*TASK OBJECTIVE:*
Pictures stay out of the copy. Retype exactly, and only, the lines from the one containing "山东尹氏-尹氏谱系.pdf电子版预览图5" through the end of the listing below.

*MATERIAL PROVIDED:*
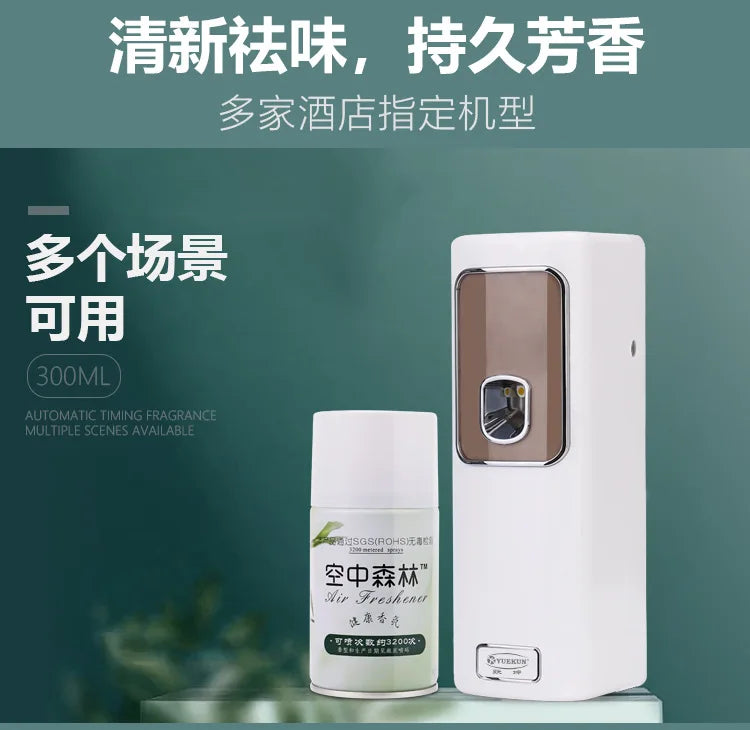 Wall Mounted Automatic Timer Spray Aroma Diffuser 2 AA Battery Powered Air Freshener Dispenser 3 Modes for Home Hotel Bathroom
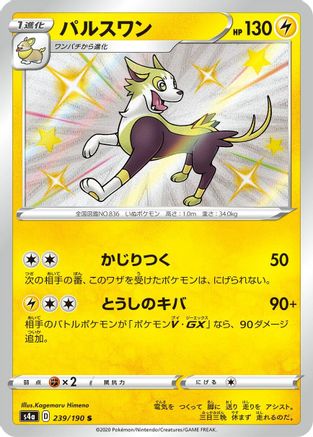 POKEMON TCG JAPANESE - Boltund 239/190/190 S4a Shiny Star V - Shiny Rare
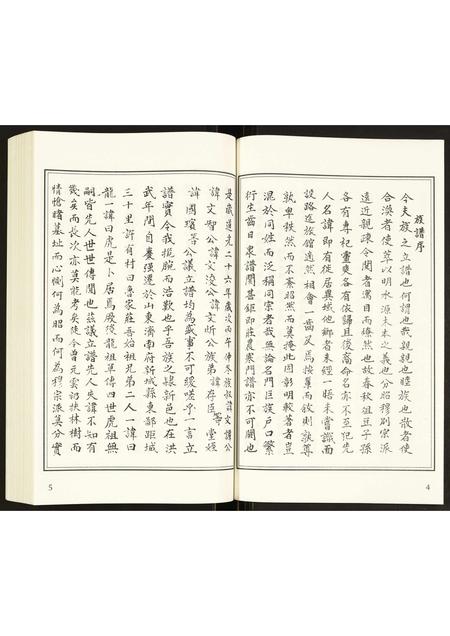 山东尹氏-尹氏谱系.pdf电子版预览图5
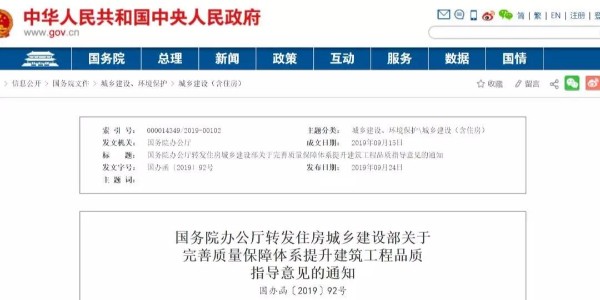 重磅！國務院：工程質(zhì)量建設(shè)單位擔首責！國辦函〔2019〕92號發(fā)布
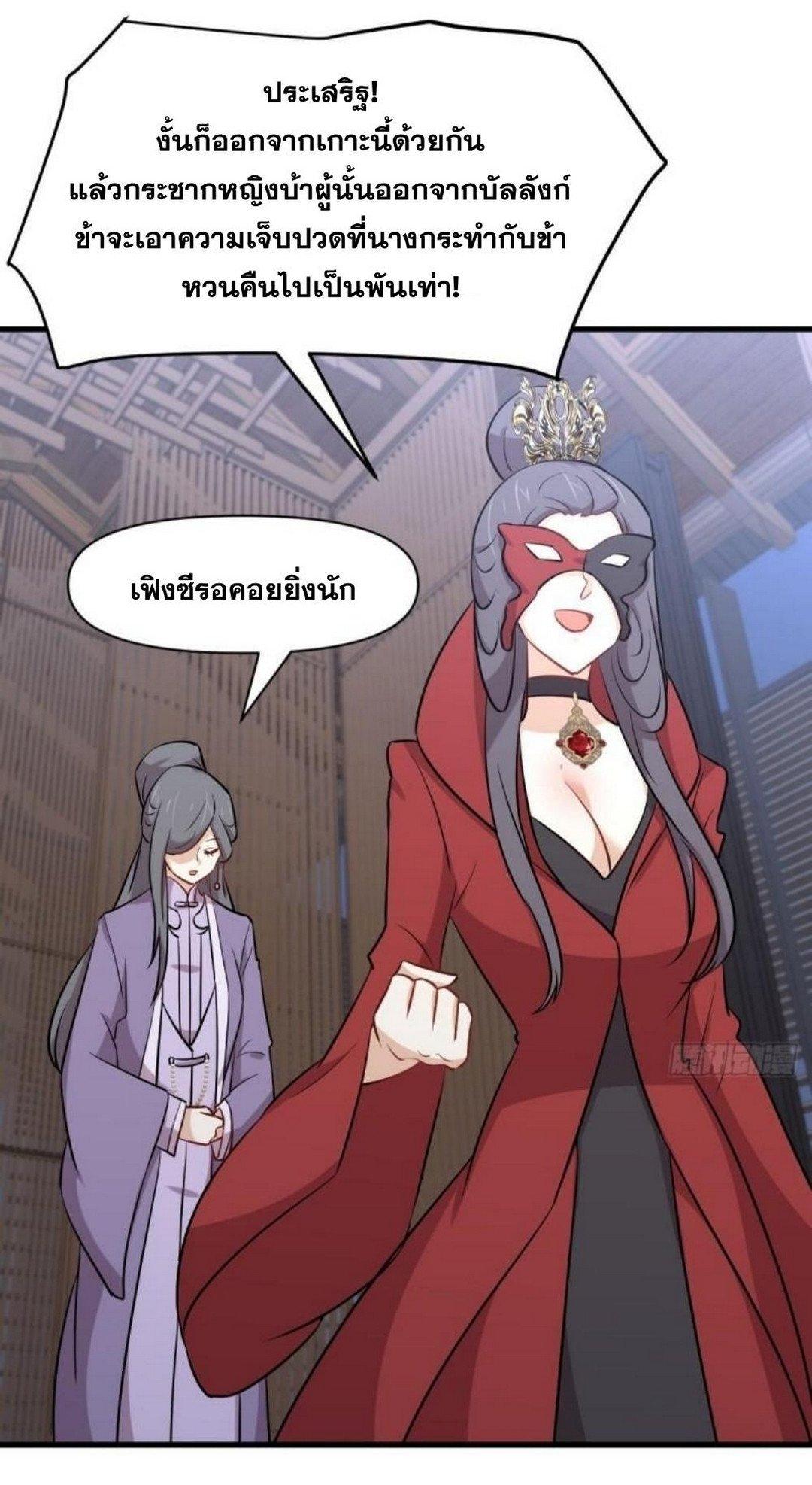 Manga-lc-com อ่านมังงะ อ่านการ์ตูน ออนไลน์ ฟรี Immortal Swordsman in the Reverse World ตอนที่ 1 2 3 4 5 6 7 8 9 10 11 12 13 14 ฟรี ไม่มีโฆษณา Manga-lc - อ่าน มังงะ อ่าน การ์ตูน ออนไลน์ อ่านมังงะ ฟรี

*ANSWER:*
 山东尹氏-尹氏谱系.pdf电子版预览图5
 重磅！國務院：工程質(zhì)量建設(shè)單位擔首責！國辦函〔2019〕92號發(fā)布
 Manga-lc-com อ่านมังงะ อ่านการ์ตูน ออนไลน์ ฟรี Immortal Swordsman in the Reverse World ตอนที่ 1 2 3 4 5 6 7 8 9 10 11 12 13 14 ฟรี ไม่มีโฆษณา Manga-lc - อ่าน มังงะ อ่าน การ์ตูน ออนไลน์ อ่านมังงะ ฟรี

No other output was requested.